The Washington region has largely escaped the full fury of recent hurricanes, but past weeks have demonstrated the region’s acquaintance with several forms of nature’s dangers. These have ranged from flash floods to sinkholes to an earthquake and tornadoes.
As a prelude to the Memorial Day weekend, and the informal onset of summer, Friday was not overly benevolent.
It was cloudy. It was chilly. It was windy. Whatever pleasures Friday provided, they did not seem to spell summer.
The high temperature for the day at Reagan National Airport was 67 degrees — 11 degrees below the normal high.
And the mercury hit that not particularly lofty level at 12:30 a.m., an unusual time for it.
By 10:40 a.m. the mercury had fallen to 55 degrees. For the rest of the day it never rose above 60, and clouds and wind only enhanced the feeling of fall.
By 5 p.m.

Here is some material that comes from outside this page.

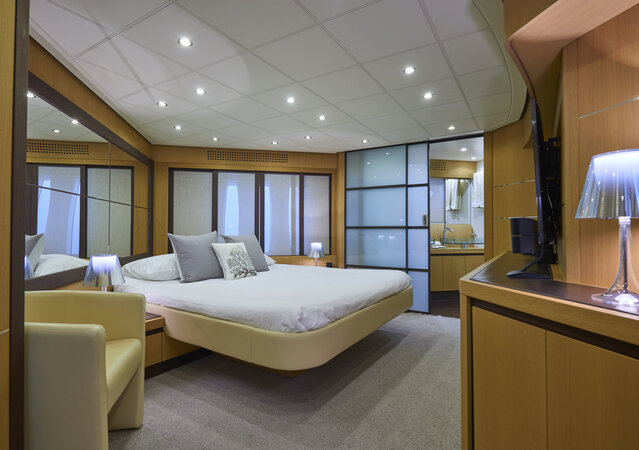 Pershing 90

Friday, the top wind was clocked at 29 mph, with a gust of 38. The wind apparently played direct and indirect roles in preventing many Washington region residents from full enjoyment of the weekend.
For a time Friday, rain and strong winds above the Chesapeake Bay prevented one of the bay bridges from carrying traffic in both directions. That reduced the number of lanes available for eastbound travel, toward the Atlantic beaches.
Three eastbound lanes became available by 3 or 4 p.m., but “MAJOR DELAYS” faced travelers headed east after work on Friday, according to Twitter messages from state transportation officials.
At one point, an 18-mile backup was reported. Travel after 10 p.m. was recommended.
The rain over the bay early Friday came from the same fierce Thursday night storm that caused flash flooding in parts of Maryland and that, according to highway officials, prompted a rescue from high water in the Hanover area.
A little less than one-fifth of an inch of rain fell into the gauges at National, but Baltimore reported almost an inch. Just .01 inch less. Dulles recorded 0.49 inches.
Friday’s winds seemed strong but were less powerful than those produced by the two tornadoes recorded in the Washington region last month.
One, in the Fredericksburg area on April 19, had peak winds of 90 mph, according to the National Weather Service. The other, in the Largo area on the same evening, was weaker.
These provided mere hints of the deadly and destructive power that tornadoes have demonstrated elsewhere, but they also showed that Washington lacks tornado immunity.
The earthquake aftershock that occurred this month appeared also to be a kind of reminder. It occurred just after 7 on the morning of May 15. It was measured at magnitude 2.3 and was centered about 5 miles south-southwest of Louisa, Va.
The U.S. Geological Survey tied the aftershock to the historic magnitude-5.8 earthquake that occurred in the same general area a little less than two years ago. The area of origin falls within a seismic zone that exists in Central Virginia, the survey said.
The shaking of the ground on May 15, the survey said, was an aftershock from that quake, one of more than 450 aftershocks that have been recorded since the big 2011 quake.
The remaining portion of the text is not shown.